- [EXERCISE OBJECTIVE]: Print the lines below word for word, beginning with the first and ending with the line that holds "Pendaflex Gold Fibre", and skip every picture.

Data entries:
:::
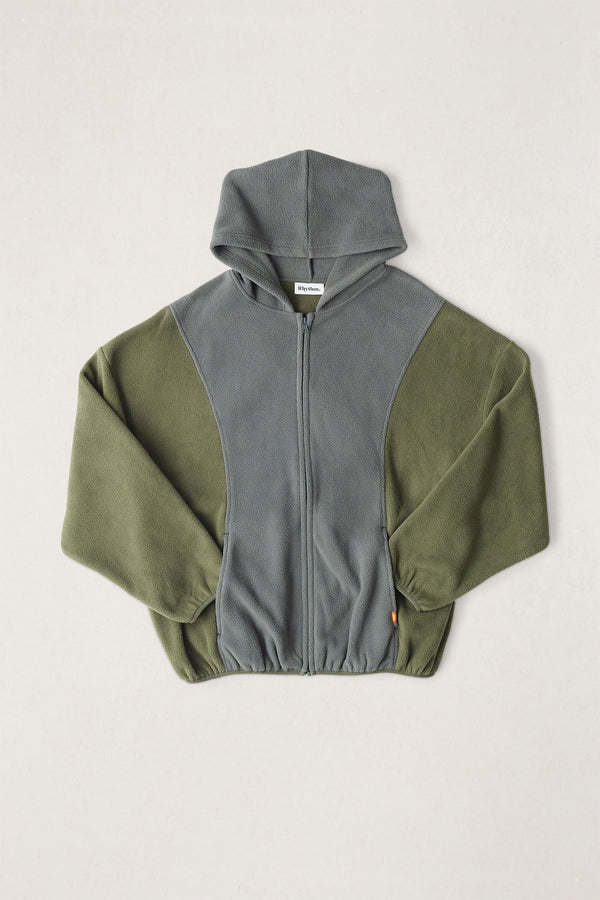 Oversized Zip-Thru Fleece Fern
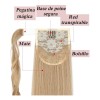Coleta Postiza Cabello Lacio Caballo Natural Extensiones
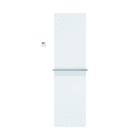 Acova - Alizéa Spa EL face lisse, blanc RAL 9016, 500W, H 1800 / L 500 mm, barre blanc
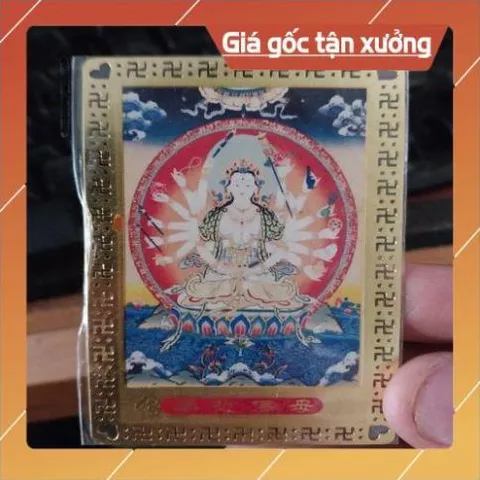 kim bài linh phù chuẩn đề phật mẫu HÀNG CAO CẤP, có hoả tốc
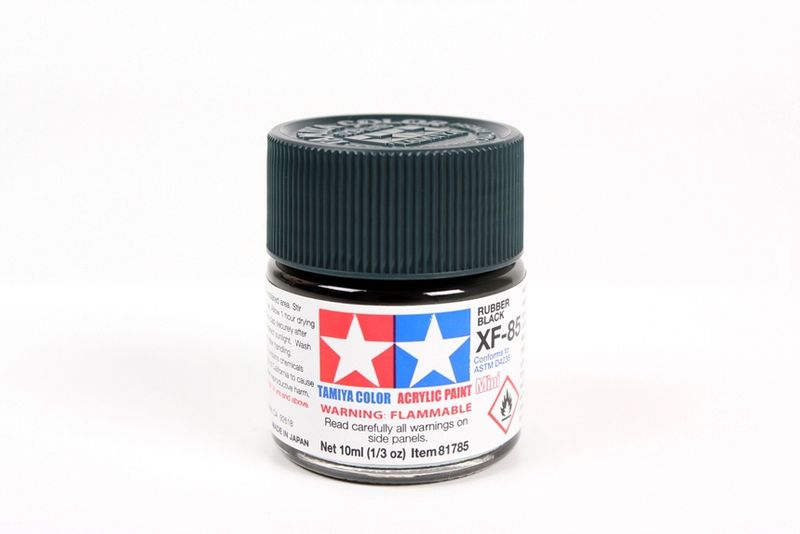 Acrylic Mini XF-85 Rubber Blk – 10ml Bottle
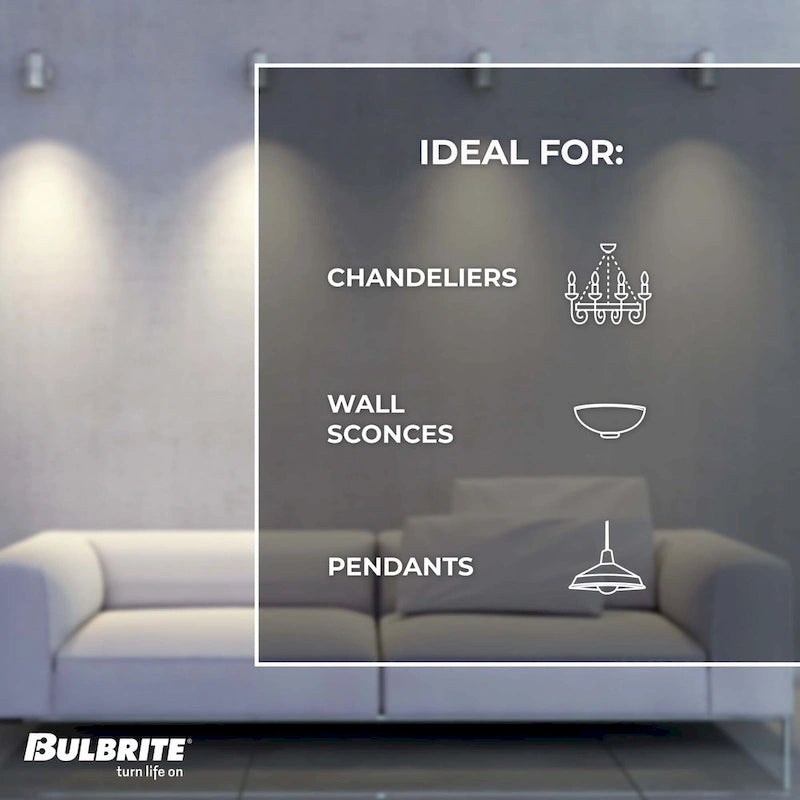 Bulbrite KX2000 Pack of (2) 60 Watt Dimmable Frost T3 Xenon Light Bulbs with Mini-Candelabra (E11) Base, 2700K Warm White Light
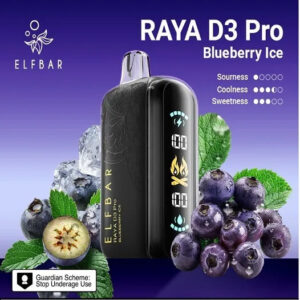 Elf Bar Raya D3 Pro 30K  Blueberry Ice | Vape Shop Delhi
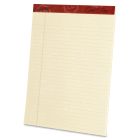 Pendaflex Gold Fibre Legal Rule Retro Writing Pads - 50 Sheets - 20 lb - 8.50" x 11.75"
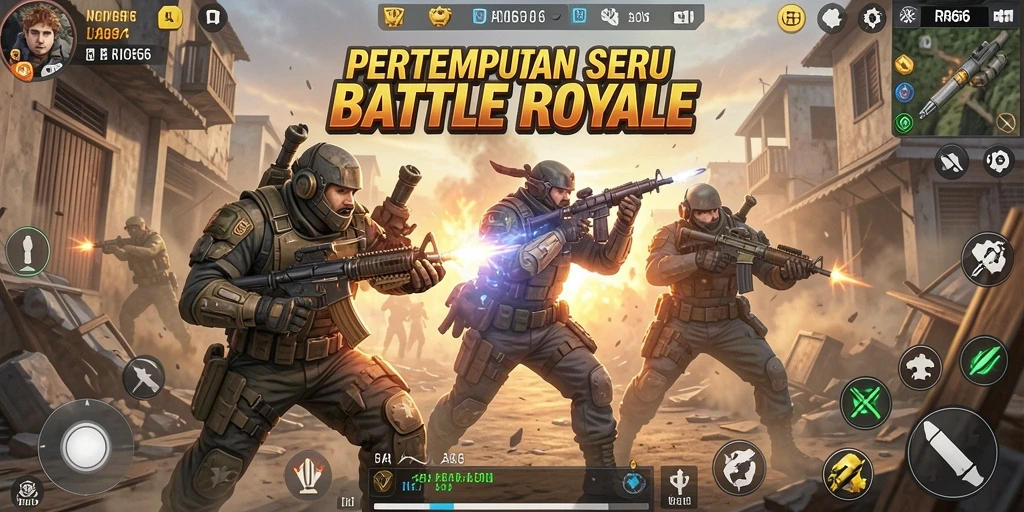 Gameplay seru Battle Royale di RR666 dengan aksi mendebarkan.
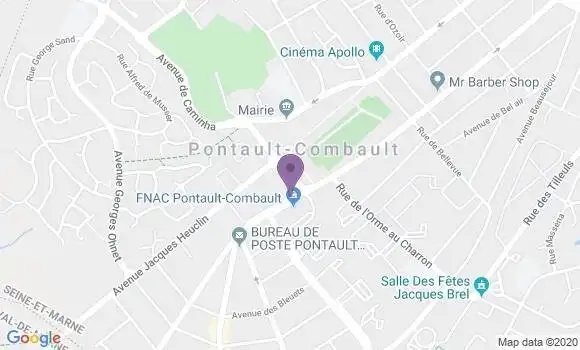 Localisation Banque Populaire Agence de Pontault Combault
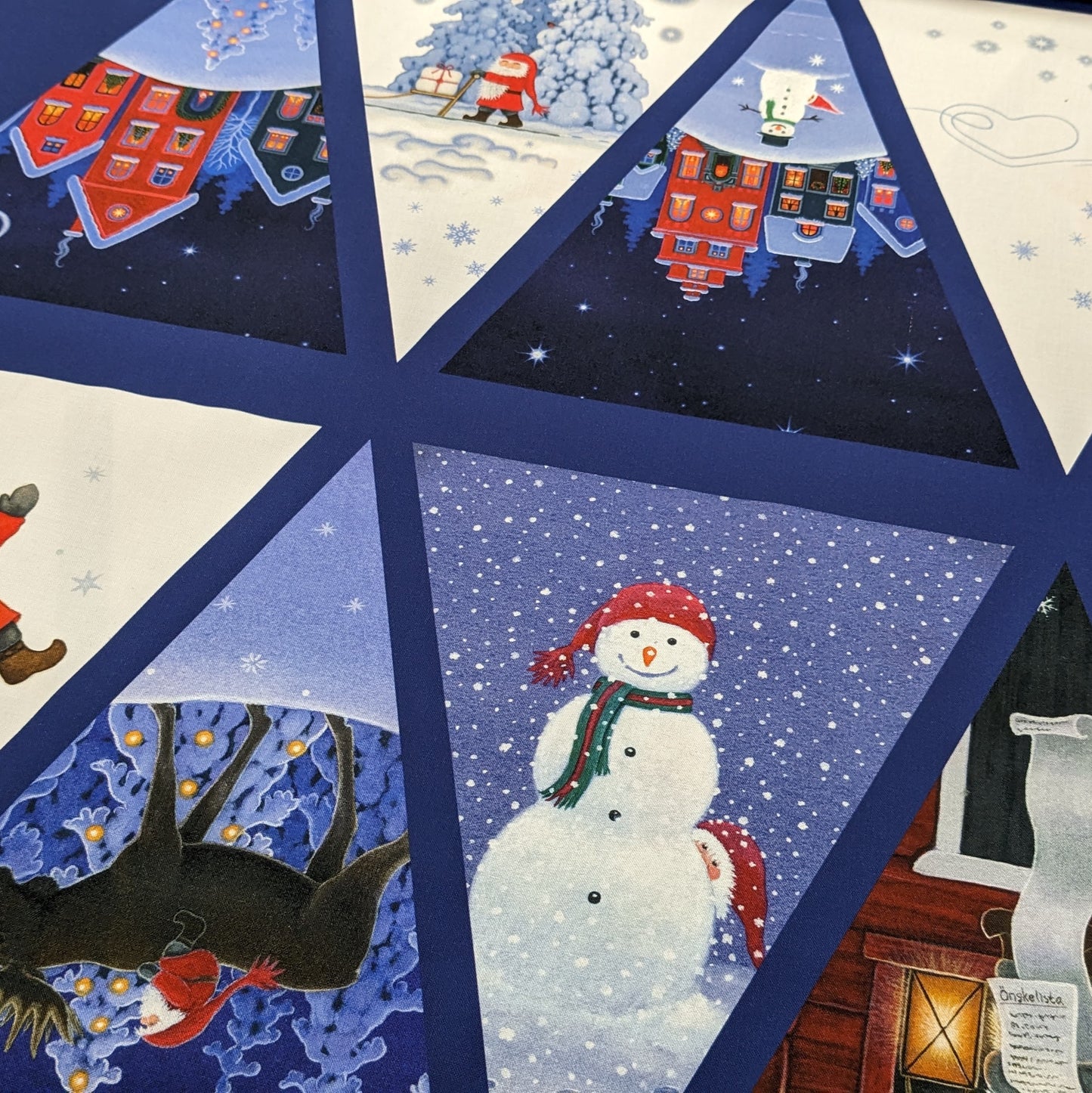 Lewis & Irene - Tomten's Forest Friends Fabric Bunting Panel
:::
- [TASK OUTPUT]:
 Oversized Zip-Thru Fleece Fern
Coleta Postiza Cabello Lacio Caballo Natural Extensiones
 Acova - Alizéa Spa EL face lisse, blanc RAL 9016, 500W, H 1800 / L 500 mm, barre blanc
 kim bài linh phù chuẩn đề phật mẫu HÀNG CAO CẤP, có hoả tốc
 Acrylic Mini XF-85 Rubber Blk – 10ml Bottle
 Bulbrite KX2000 Pack of (2) 60 Watt Dimmable Frost T3 Xenon Light Bulbs with Mini-Candelabra (E11) Base, 2700K Warm White Light
 Elf Bar Raya D3 Pro 30K  Blueberry Ice | Vape Shop Delhi
 Pendaflex Gold Fibre Legal Rule Retro Writing Pads - 50 Sheets - 20 lb - 8.50" x 11.75"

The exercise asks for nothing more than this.